No último sábado (10), a ONG Amor, Simples de Doar, que presta apoio a brasileiros com câncer na Irlanda, lamentou o ocorrido em suas redes. “Estamos profundamente decepcionados com as notícias recentes, mas não iremos parar. Existem outras pessoas que realmente precisam de ajuda, e vamos focar nossa energia em continuar a dar amor e apoio”. O grupo havia ajudado a dar visibilidade ao caso de Basílio.

Após o ocorrido, internautas afirmam que a brasileira teria voltado ao Brasil na madrugada de domingo (11).

Consequências para pacientes reais

A superexposição de doenças nas redes gera desconfiança generalizada, especialmente em casos falsos, o que pode diminuir o número de doações, diz o advogado criminal Jorge Calazans. “Isso dificulta a captação de recursos para tratamentos reais, além de aumentar o estigma e a discriminação contra quem enfrenta doenças graves”, afirma.

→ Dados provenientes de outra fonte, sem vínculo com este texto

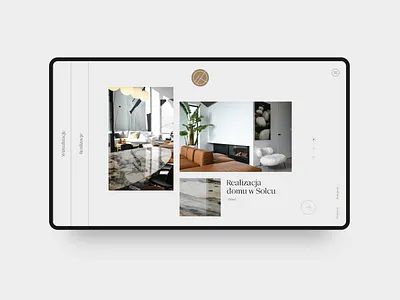 Interior Designer portfolio logo rebranding ui ui design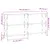 Produktbild 9 för Avlastningsbord sonoma ek 156x28x80,5 cm konstruerat trä
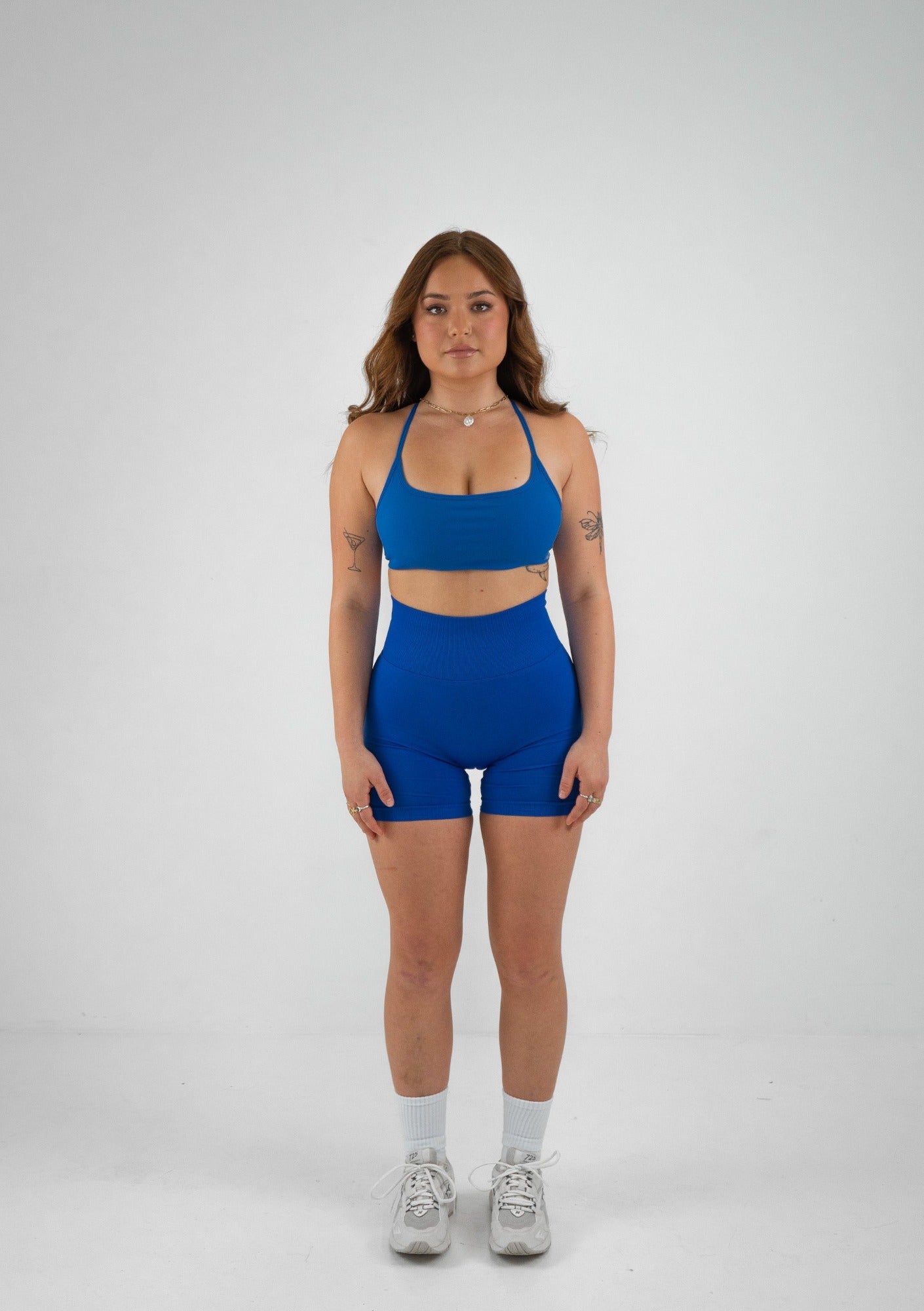 Staple Scrunch Shorts - Cobalt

“É o mesmo que ocorre quando uma informação falsa causa uma busca desenfreada por um dado medicamento vendido sem receita médica, causando desabastecimento para quem realmente precisa daquele remédio”, completa a advogada Claudia de Lucca Mano.

A internet é grande aliada nas causas de doenças e pacientes, mas também facilita a proliferação de golpes, diz Walter Cintra, professor do FGV saúde. “A gente precisa desenvolver canais confiáveis para que as pessoas possam ser beneficiadas e quem quiser ajudar não seja enganado”.